_Problem_.
For this exercise, write out only the lines of the entries below from the one with "Naklejka premium Portrait" up to and including the one with "Continuous one line", exactly as they are. Pictures stay out.

_Material for the task_.
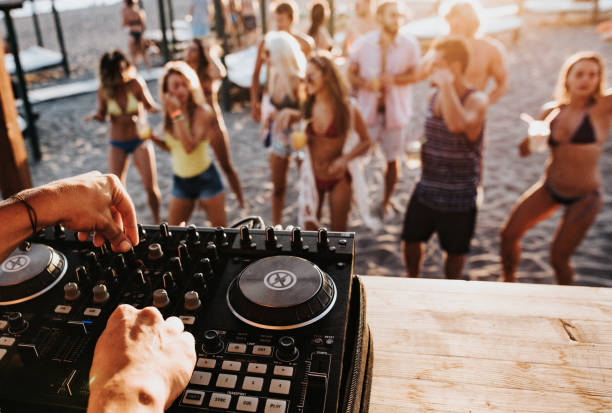 Close up of a DJ playing music on the beach party. Close up of unrecognizable DJ playing music on turntable during summer beach party. dj stock pictures, royalty-free photos & images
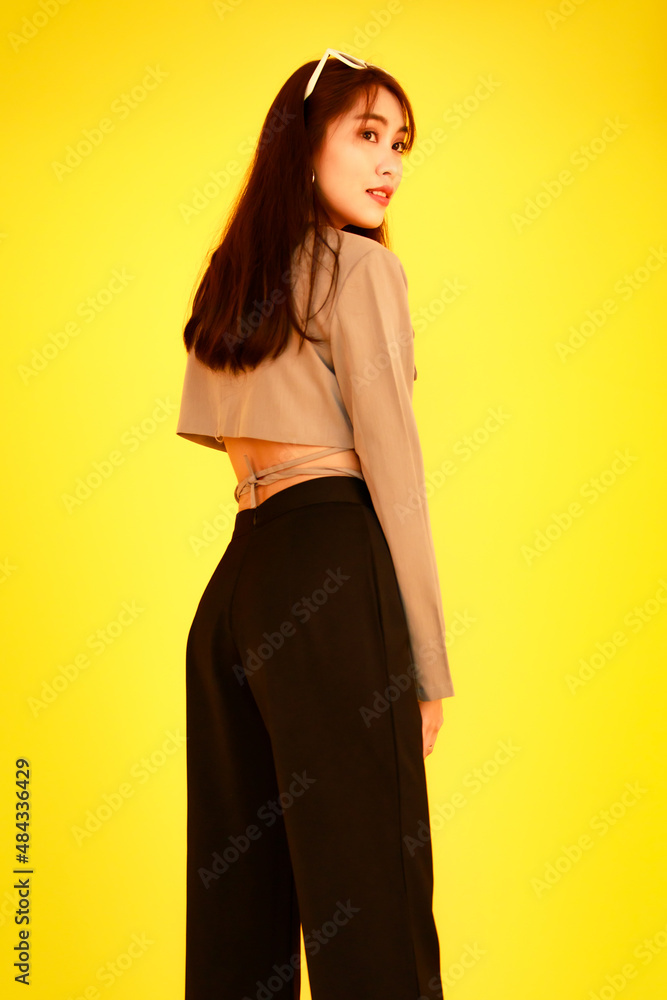 Naklejka premium Portrait studio shot of Asian trendy fashionable female hipster teen model in casual crop top street wears jacket sunglasses sneakers holding handbag purse look at camera on yellow background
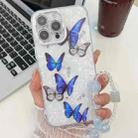 For iPhone 15 Pro Plating Texture Butterfly Wristband TPU Phone Case with Glitter Lens Film(Blue Butterflies HU3) - 1
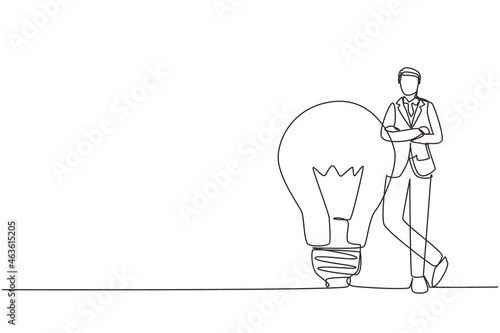 Continuous one line drawing businessman leaning on giant lightbulb, business idea. Business people have ideas leaning against the lamp symbol is good idea. Single line draw design vector illustration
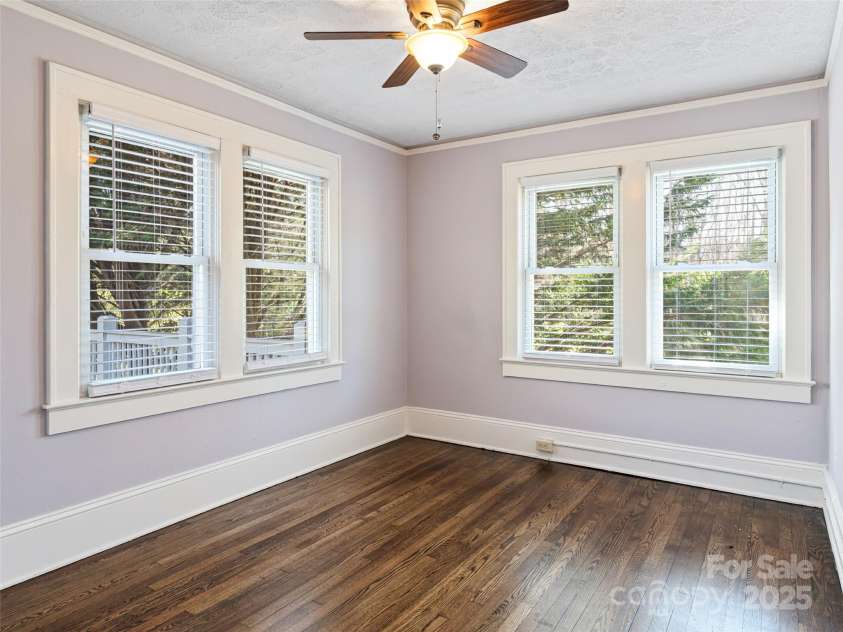 1305 Pisgah Highway, Candler, NC 28715.  MLS# CAR4245961, YatesRealty ID 16242. Back bedroom with lots of natural light
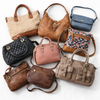 Wholesale second hand clothing mix, assorted styles, UK high street brands, pre-loved garments for resale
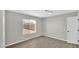 This bedroom features neutral walls, vinyl floors, and a window providing natural light at 2234 W Mohawk Ln, Phoenix, AZ 85027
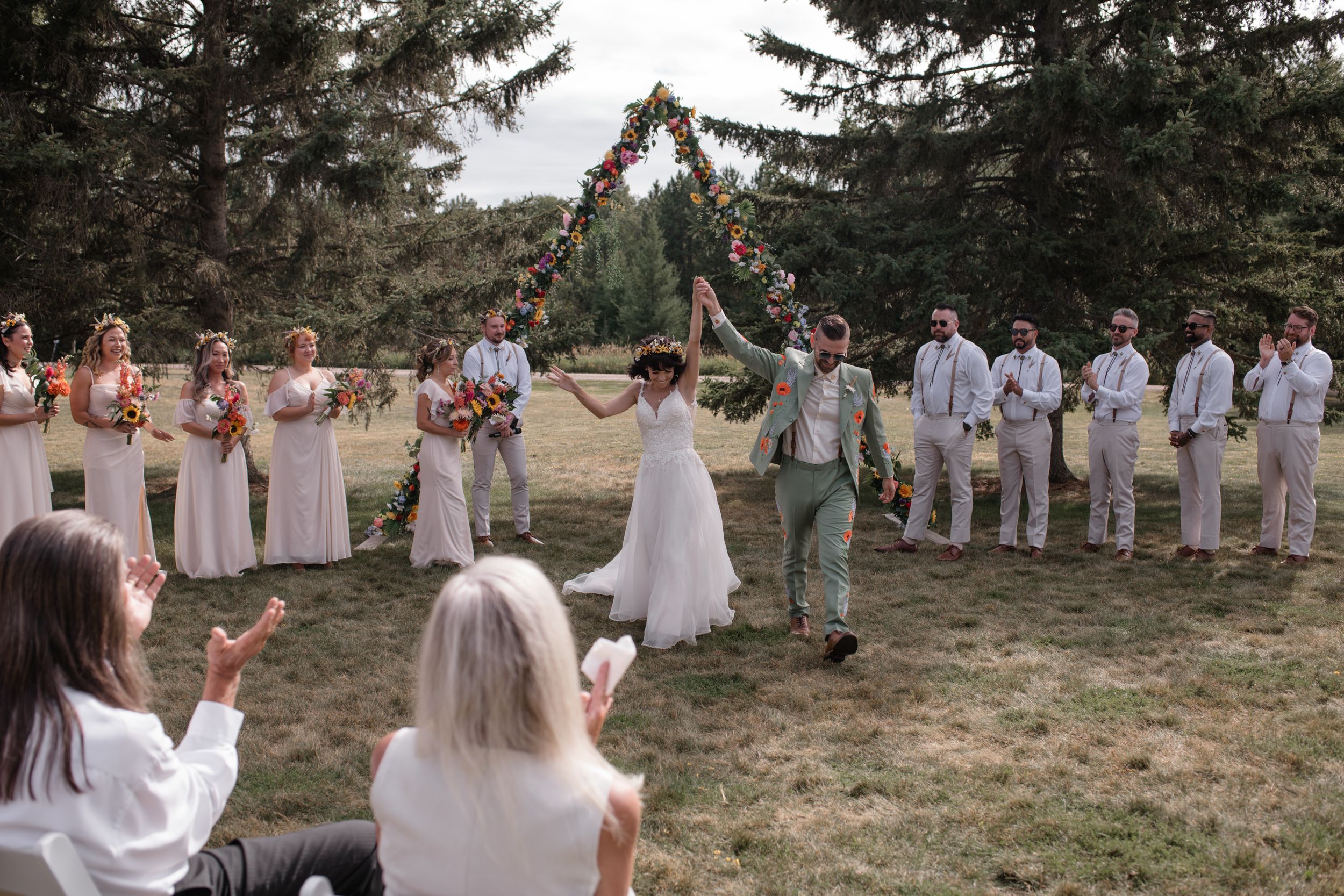 Wedding party celebrates outdoors in a line formation with coordinated dresses and attire against a natural backdrop.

_Task output_.
 Naklejka premium Portrait studio shot of Asian trendy fashionable female hipster teen model in casual crop top street wears jacket sunglasses sneakers holding handbag purse look at camera on yellow background
 For iPhone 15 Pro Plating Texture Butterfly Wristband TPU Phone Case with Glitter Lens Film(Blue Butterflies HU3) - 1
 Continuous one line drawing businessman leaning on giant lightbulb, business idea. Business people have ideas leaning against the lamp symbol is good idea. Single line draw design vector illustration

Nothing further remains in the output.